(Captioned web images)
[Start of section]

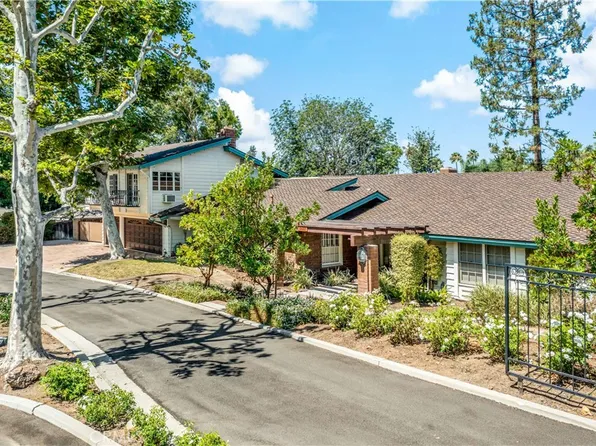 1612 SE Skyline Dr, Santa Ana, CA 92705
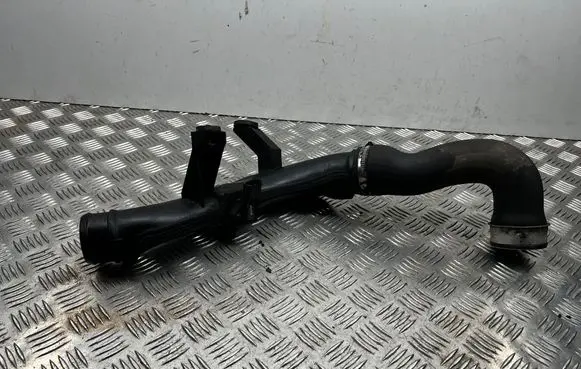 Skoda Superb B6 (3T) Intercooler hose/pipe 1K0145770N 0261230073 038906051D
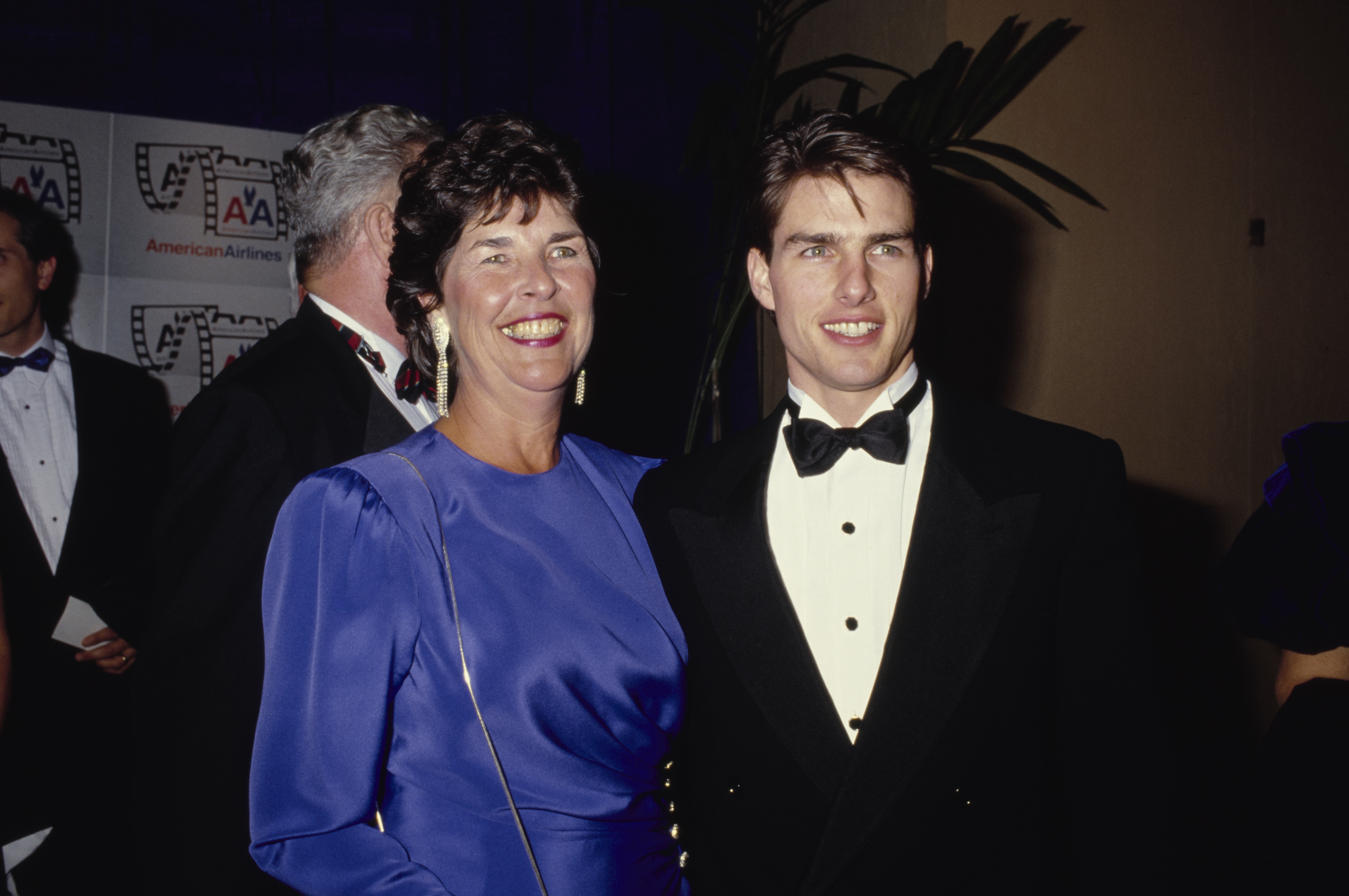 Mary Lee Pfeiffer y Tom Cruise en la octava edición de los Premios Anuales del Cine Americano en Beverly Hills, 1991. | Foto: Getty Images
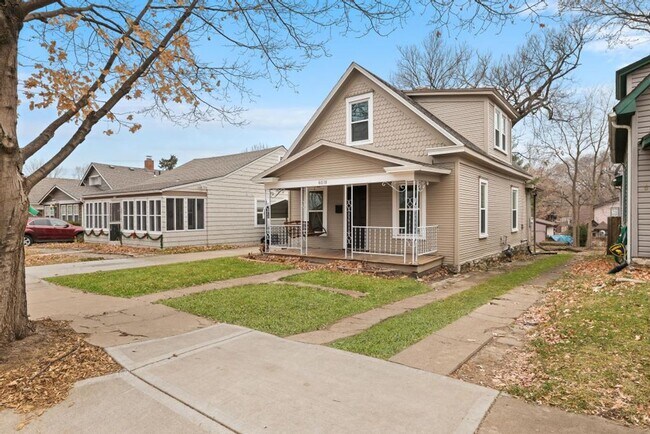 Building Photo - Charming 3-Bedroom Waldo Home with Porch Swing & Hardwood Floors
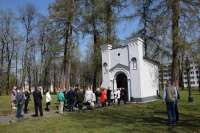 Kunigaikščio Mykolo Oginskio pagerbimas prie Aušros Vartų Marijos koplyčios - Oginskių mauzoliejaus Rietave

[End of section]

Omit all pictures and write out, exactly, only the lines from the line containing "Building Photo - Charming" through the last line of the entries above.

= EXERCISE ANSWER =
 Building Photo - Charming 3-Bedroom Waldo Home with Porch Swing & Hardwood Floors
 Kunigaikščio Mykolo Oginskio pagerbimas prie Aušros Vartų Marijos koplyčios - Oginskių mauzoliejaus Rietave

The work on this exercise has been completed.